§ Task
Print all of the data exactly, but drop the pictures.

§ Material to process
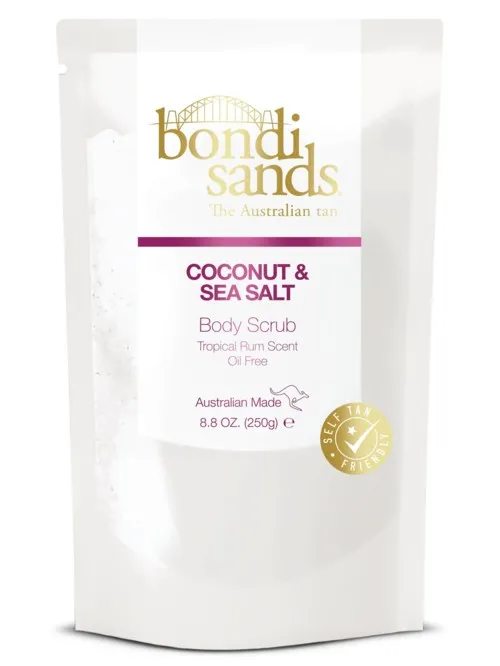 Bondi Sands Coconut & Sea Salt Body Scrub 250 g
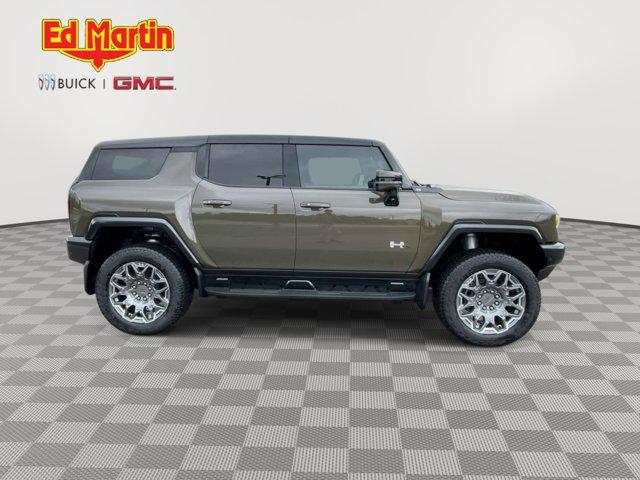 new 2025 GMC HUMMER EV SUV car, priced at $101,180
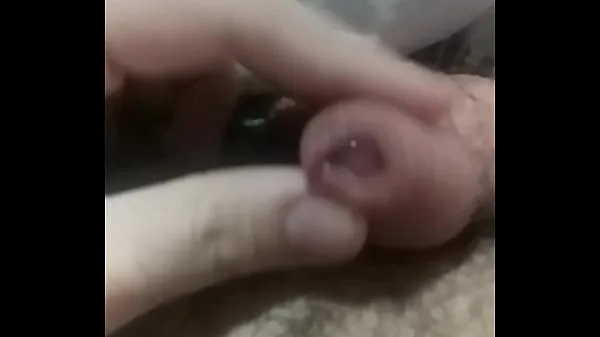 XXX Playing with my small uncut little cocknuovi video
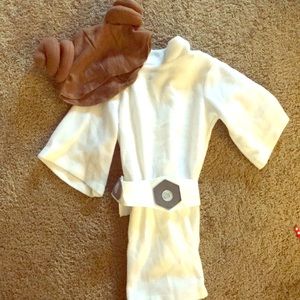 Princess Leia Costume- 24 Months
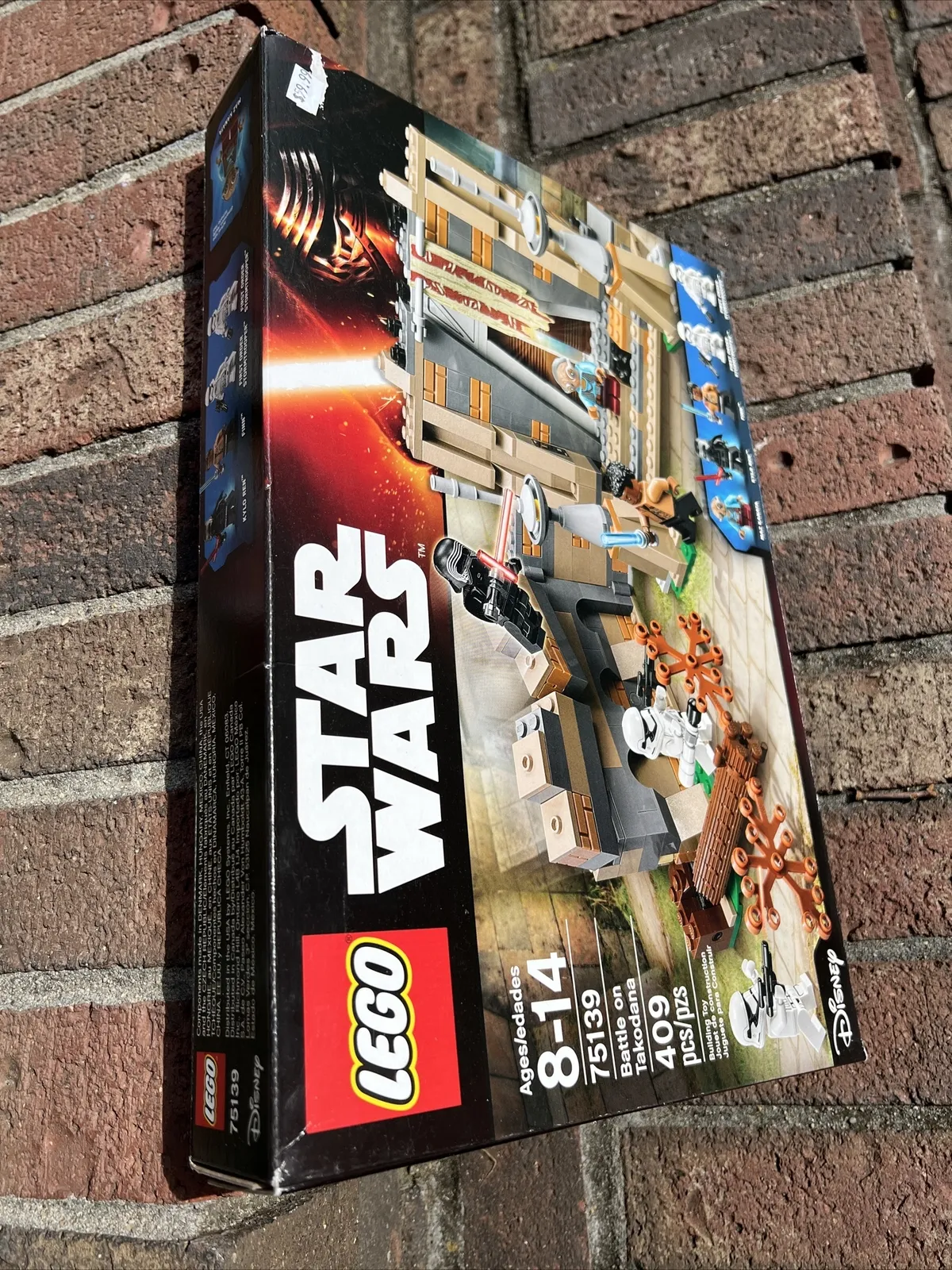 LEGO Star Wars Battle on Takodana 75139 Brand new Factory sealed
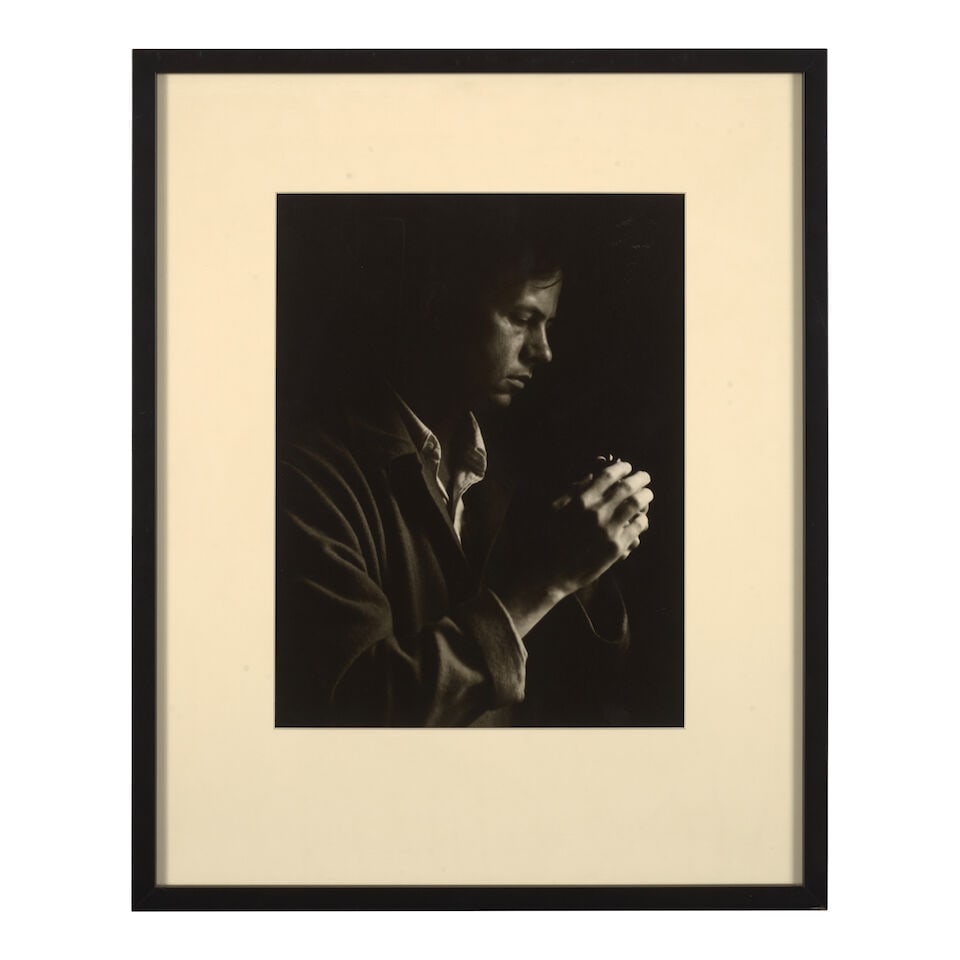 Richard Pousette-Dart (1916-1992); Self-Portrait; - 2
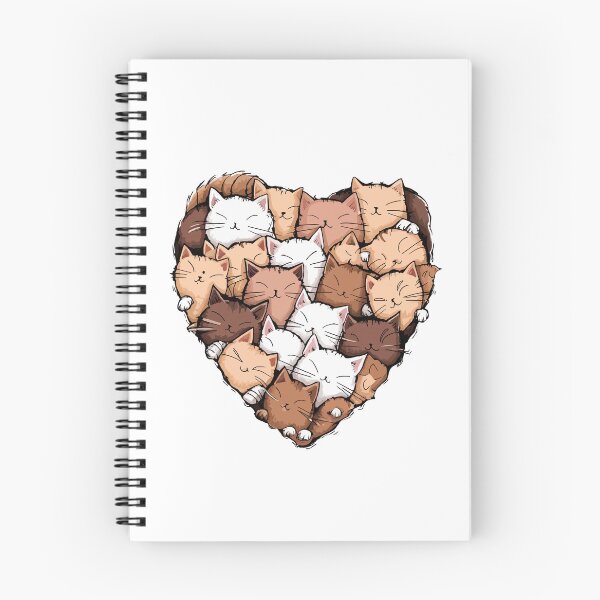 Item preview, Heart Filled With Cats Valentines Day designed and sold by IcePools.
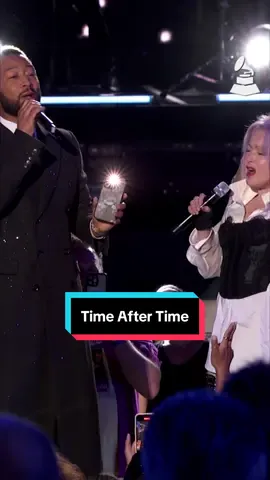 #TimeAfterTime with @John Legend  Sunday night on @CBS @GRAMMYs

§ Exercise answer
 Bondi Sands Coconut & Sea Salt Body Scrub 250 g
 new 2025 GMC HUMMER EV SUV car, priced at $101,180
 XXX Playing with my small uncut little cocknuovi video
 Princess Leia Costume- 24 Months
 LEGO Star Wars Battle on Takodana 75139 Brand new Factory sealed
 Richard Pousette-Dart (1916-1992); Self-Portrait; - 2
 Item preview, Heart Filled With Cats Valentines Day designed and sold by IcePools.
 #TimeAfterTime with @John Legend  Sunday night on @CBS @GRAMMYs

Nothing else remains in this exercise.